Tohru Suzuki 1, Yuta Kanai 2, Shohei Minami 2, Tomohiro Kotaki 2, Takeshi Kobayashi 2 1 Sapporo Research Station, National Institute of Animal Health, NARO, 2 Department of Virology, Research Institute for Microbial Diseases, Osaka University

Pathogenesis and Immunity

Bovine rotavirus A is a major causative pathogen of diarrhea in dairy and Japanese beef calves, which has led to severe economic losses in Japan every year. The pathogen has 11 double-stranded RNA segments encoding six viral proteins (VP1-4, VP6 and VP7) and five/six nonstructural proteins (NSP1-6). The two capsid proteins, VP7 and VP4, of which induce neutralizing antibodies and represent G and P genotypes respectively. The dual genotyping system targeted on VP7 and VP4 has been used to understand epidemiological characterization of RVAs at the global level. Among bovine RVAs, three G genotypes (G6, G8, G10) and three P genotypes (P[1], P[5], P[11]) are the most common. Beside them, the bovine RVAs with G21P[29] and G24P[33] genotypes have been isolated from asymptomatic cows in Japan.

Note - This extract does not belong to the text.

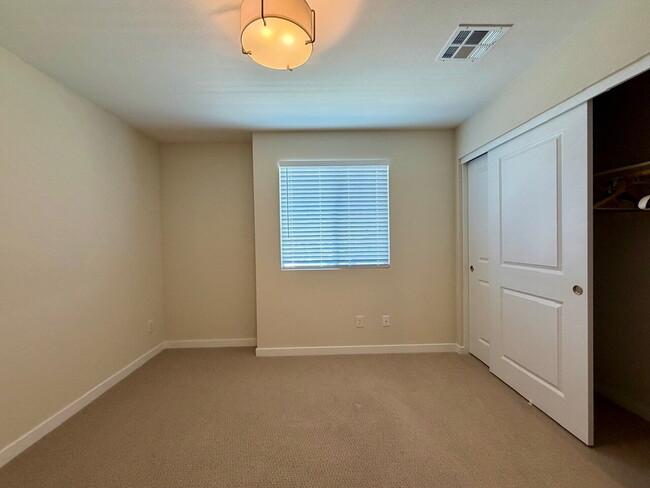 Building Photo - GORGEOUS 4 BED 3 BATH 2 CAR GARAGE SINGLE FAMILY HOME W/ LOFT, VAULTED ENTRYWAY, BACKYARD, AND BE...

Reverse genetics is one of useful approaches to clarify infectious mechanism of RVA. This study firstly has been established recombinant bovine RVA with G6P[1] genotype. Subsequently, multiple mono-reassortant RVAs have been constructed by replacing VP7 and VP4 of this recombinant RVA with those from bovine RVAs with other G genotypes and P genotypes. By comparing and analyzing biological activity in vitro and vivo model using these mono-reassortants, and antigenicity via cross-reactivity between these and antisera obtained from calves infected with bovine RVAs of three different genotypes, our study aimed to understand antigenicity and pathogenicity of bovine RVAs. In this symposium, we will present the results obtained via the present analysis.